[Dataset section — start]

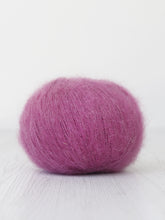 Load image into Gallery viewer, Fluffy Mohair/Silk blend yarn 25g
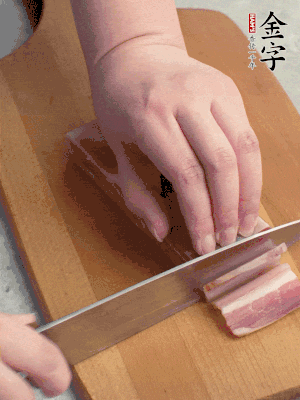 百合切去頭尾，分開洗凈;咸肉切薄片。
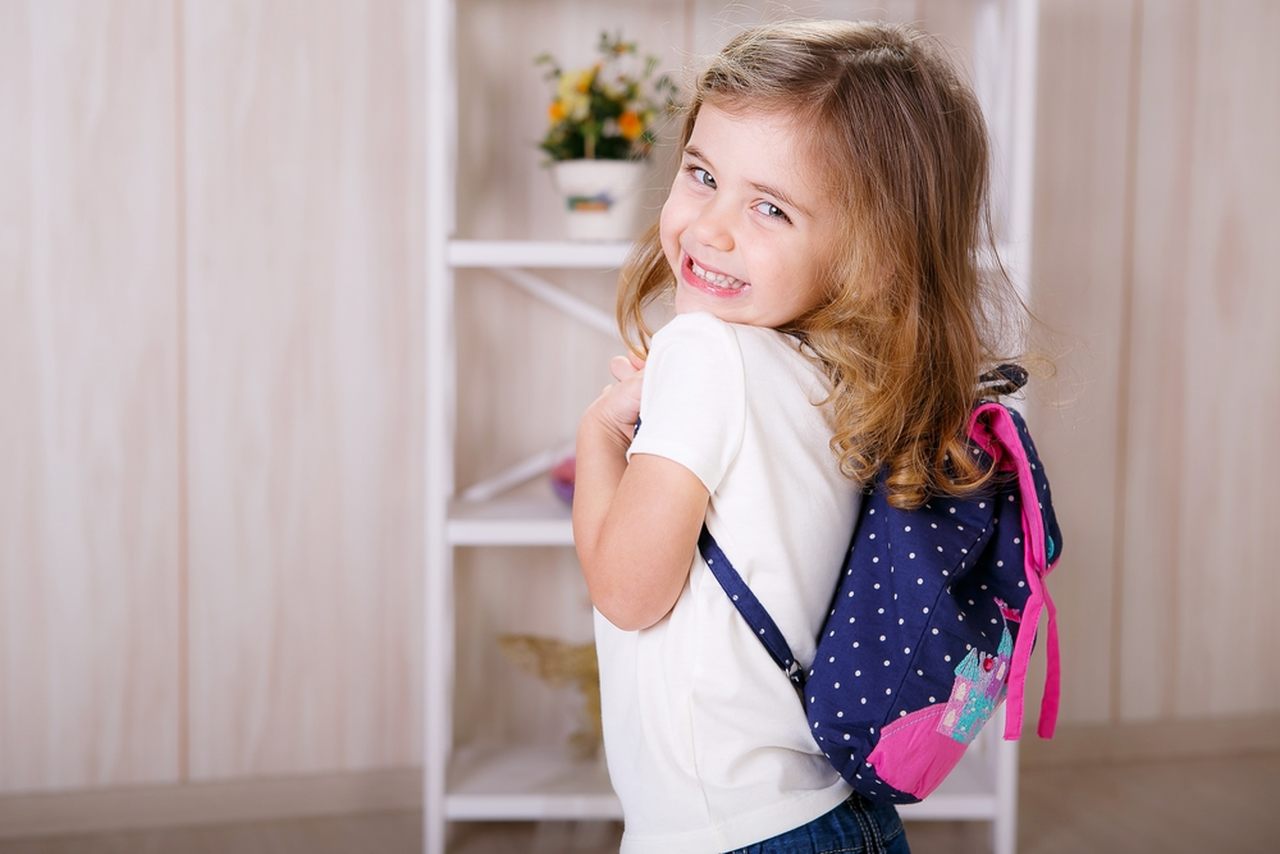 okul çantası taşıyan küçük kız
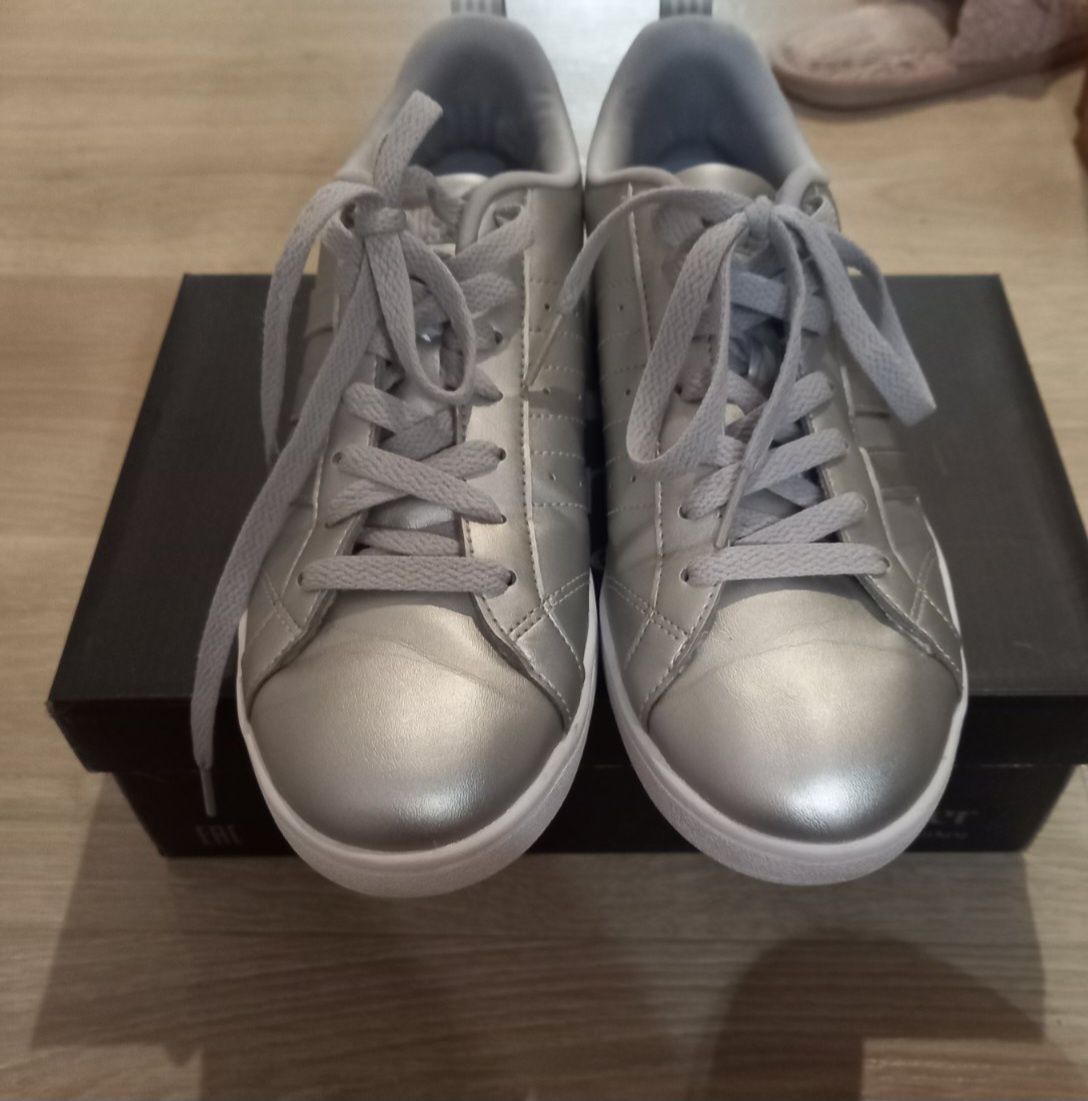 Кросівки adidas 39р.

[Dataset section — finish]

→ What to do: The answer must be the lines above from the line that contains "百合切去頭尾，分開洗凈;咸肉切薄片。" to the final line of the data, word for word, with no pictures.

→ Solution for this task:
 百合切去頭尾，分開洗凈;咸肉切薄片。
 okul çantası taşıyan küçük kız
 Кросівки adidas 39р.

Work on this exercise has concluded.